JPHV : En dix ans, nous avons réussi à développer la FRSEA Limousin, à constituer une équipe motivée que je tiens à remercier. C’est une grande satisfaction pour moi. Je veux aussi remercier et saluer tous les professionnels qui ont œuvré à nos côtés. Ce que j’ai essayé d’instaurer, c’est un dialogue avec les organisations agricoles. Ma volonté était de rassembler les hommes autour de projets communs. Aujourd’hui, je suis content de voir que des positions limousines se construisent sur certains dossiers, qu’il est possible de compléter les réflexions des uns et des autres, de les enrichir. Ce n’est pas le cas partout. La FRSEA doit être force de propositions, elle n’a pas pour vocation d’aller brûler quelques pneus devant la Préfecture de temps en temps. Les agriculteurs ont intérêt à avoir des organisations fortes, neutres, apolitiques dans lesquelles toutes les productions se reconnaissent. Si je n’ai pas souhaité être candidat à ma propre succession, je continuerai cependant à m’impliquer de manière forte. Sauf politiquement. D’ailleurs, je n’ai jamais été candidat à aucun mandat politique dans ce contexte.

 

Comment voyez-vous l’avenir de l’agriculture limousine ?

JPHV : Durant la dernière décennie, l’agriculture limousine s’est concentrée sur une production dominante. Au niveau national et même en Europe, on observe un décrochage entre des zones hyper productivistes et d’autres qui le sont beaucoup moins.

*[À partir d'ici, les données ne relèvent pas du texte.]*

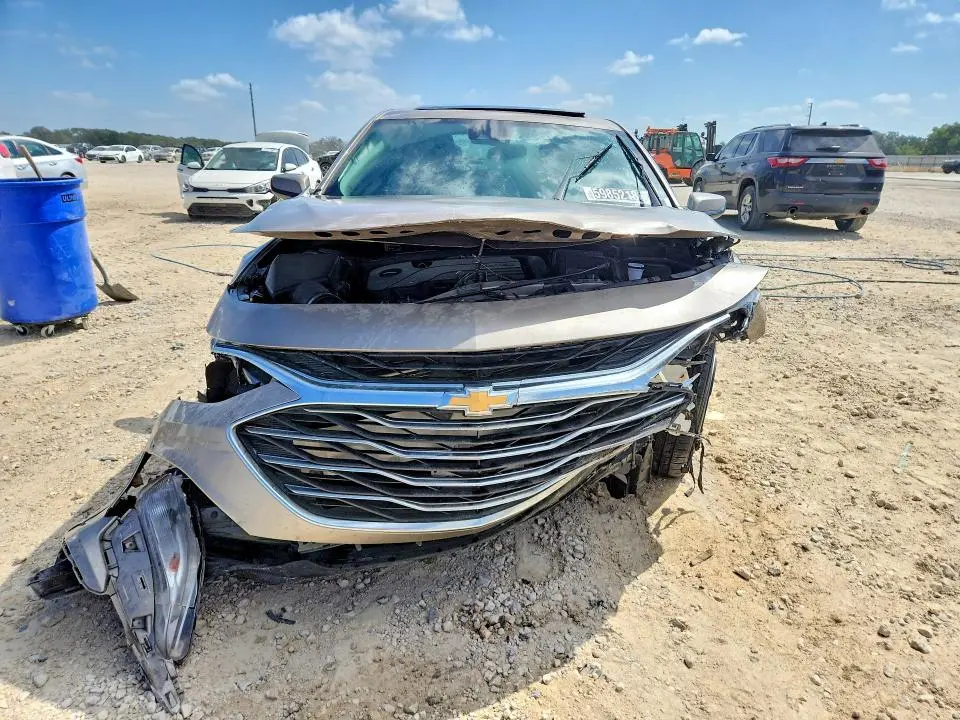 2024 CHEVROLET MALIBU LT  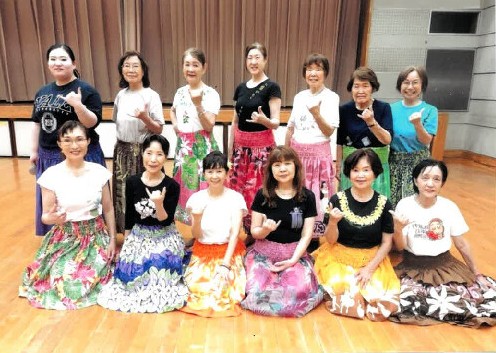 ナイスミディ門真フラダンスサークル
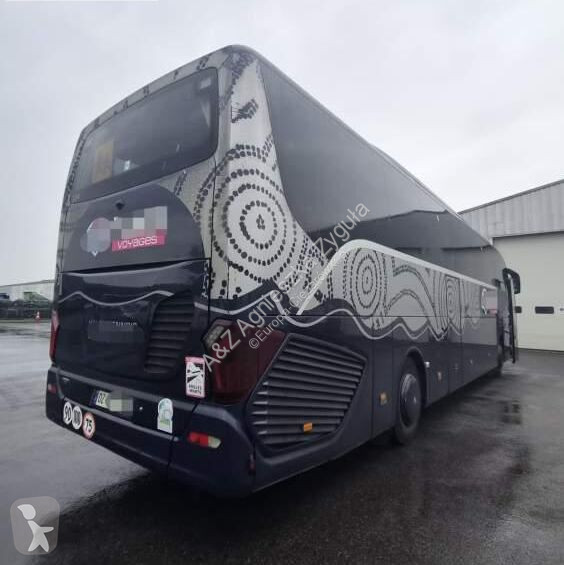 Междуградски автобус Setra HD/2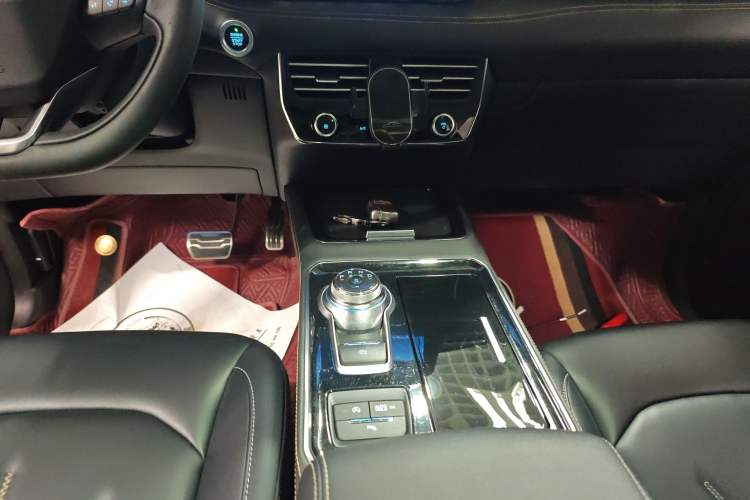 Used Ford Edge 2021 Facelifted PLUS EcoBoost 245 Two-Wheel Drive XLT 7-Seater
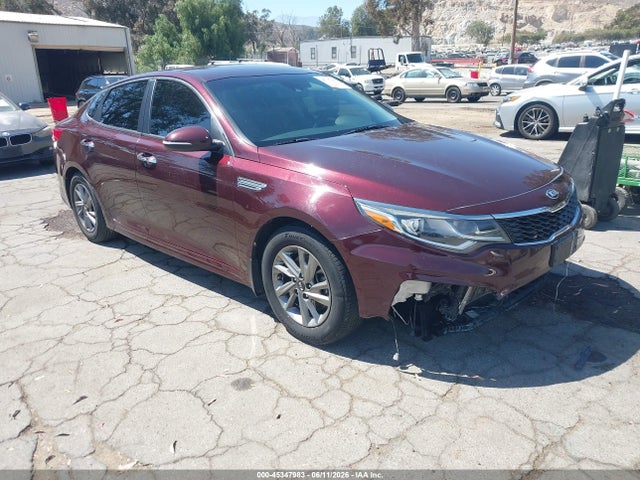 2019 KIA OPTIMA LX - 1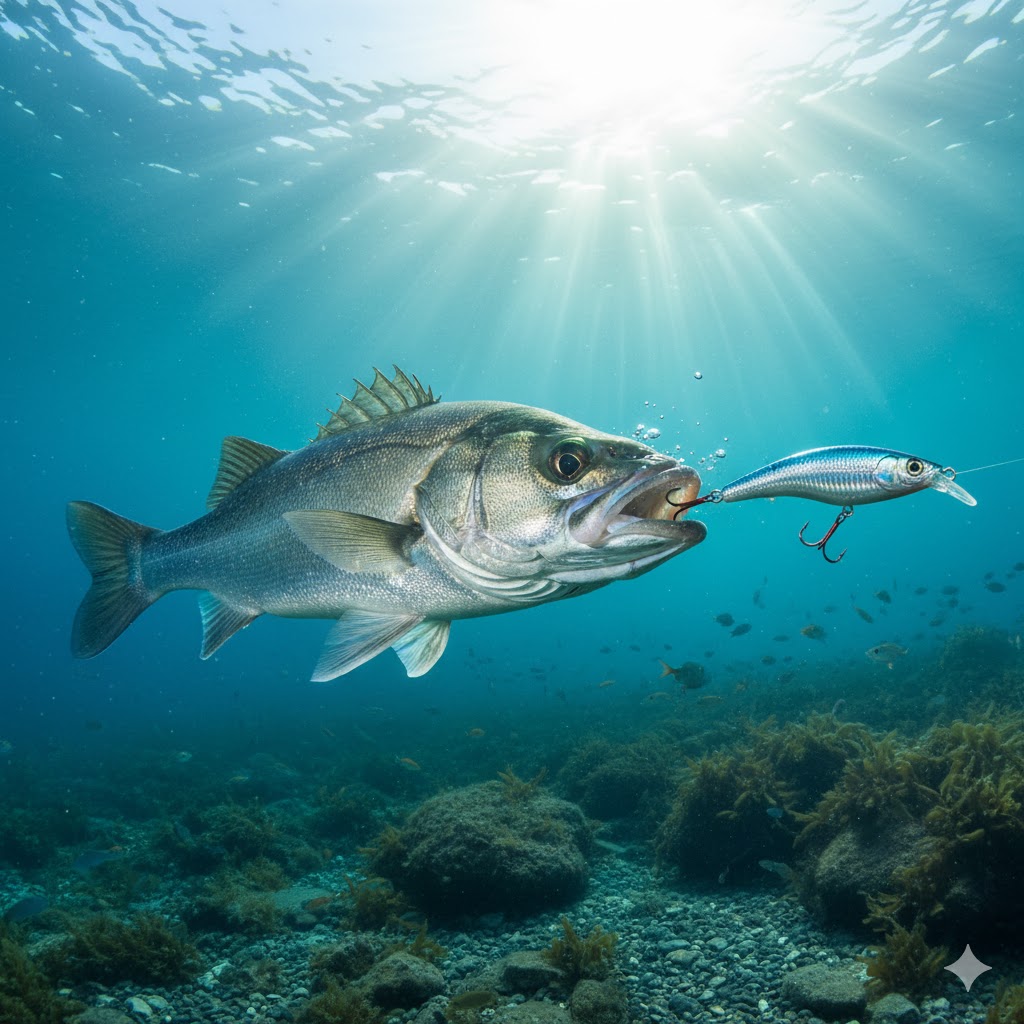 ボトムレンジ（2m〜底）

Il faut être vigilant par rapport à ça, faute de quoi les délocalisations dont on entend parler au niveau industriel s’opèreront aussi dans le secteur agricole. D’autre part, on ne peut que constater la faiblesse du tissu industriel de l’agroalimentaire régional. S’il n’y a pas d’investissement fort des collectivités locales sur les projets de filières, le Limousin et ces différentes productions seront en difficulté. Les agriculteurs méritent d’être épaulés. Enfin, en quelques années, nous sommes passés d’une surproduction chronique à une quasi pénurie au niveau mondial. Il va falloir produire plus, y compris en Limousin alors que les contraintes environnementales sont de plus en plus fortes. Il va falloir placer l’alimentaire au centre des débats. Bref le Limousin oscille entre espoir et incertitude et pas seulement au niveau agricole.

 

Bruno Gausson, quel regard portez-vous sur l’action de Jean-Philippe Viollet au sein de la FRSEA ?

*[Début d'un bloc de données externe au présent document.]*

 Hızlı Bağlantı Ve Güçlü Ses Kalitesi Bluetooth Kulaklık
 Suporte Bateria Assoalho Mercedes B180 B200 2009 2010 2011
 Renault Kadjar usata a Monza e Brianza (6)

BG : Durant ces dix années, Jean-Philippe Viollet a mené avec son équipe un gros travail. Grâce à son action, nous sommes aujourd’hui présents dans de nombreuses instances régionales et c’est primordial. Les travaux que mènera la FRSEA à l’avenir s’inscriront dans la continuité de ce qui a été fait jusqu’ici.

 

Vous avez été président de la FDSEA 87, en quoi ce nouveau mandat, régional cette fois, sera différent ?

BG : Ce sera sans nul doute beaucoup moins un travail de terrain mais plus un travail de réflexion, de concertation, de coordination avec les collectivités et les représentants de l’Etat en région. Tout ça en lien bien sûr avec les trois fédérations départementales.

 

Quelles seront les axes de travail dans les mois à venir ?

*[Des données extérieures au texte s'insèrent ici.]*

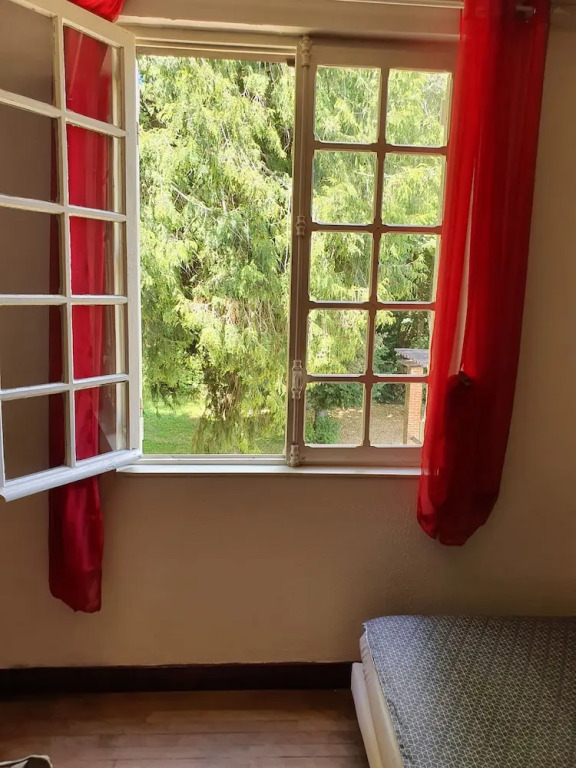 Le Manoir du coeur volant B&B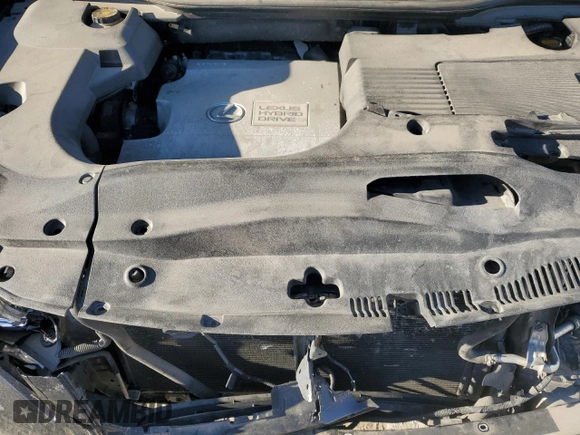 2012 Lexus RX 450h with VIN JTJZB1BAXC2006164, listed as a Copart auction lot 83709374 with 203,867 mi miles and Salvage title. Bid and sale history available at DreamBid. Image 12.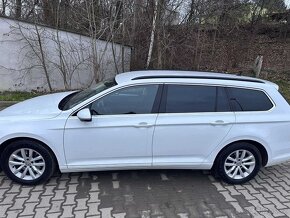 VW Passat B8 2.0 TDI 2017 - 13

BG : Je crois que l’important demeure la défense des intérêts des agriculteurs limousins. Aujourd’hui, le niveau régional est incontournable et la FRSEA se doit de représenter les fédérations départementales dans les instances régionales. Régionalement, nous devons nous approprier les réflexions des départements sur leurs dossiers syndicaux et être l’intermédiaire permettant à chaque département d’être informé des positions de ses voisins.

Sur les priorités des mois à venir, le premier chantier (et le plus important) est la préparation de la future Pac. Pour cela, nous devons construire une position régionale et nous efforcer de la faire partager et défendre au sein de notre réseau et par nos collectivités.»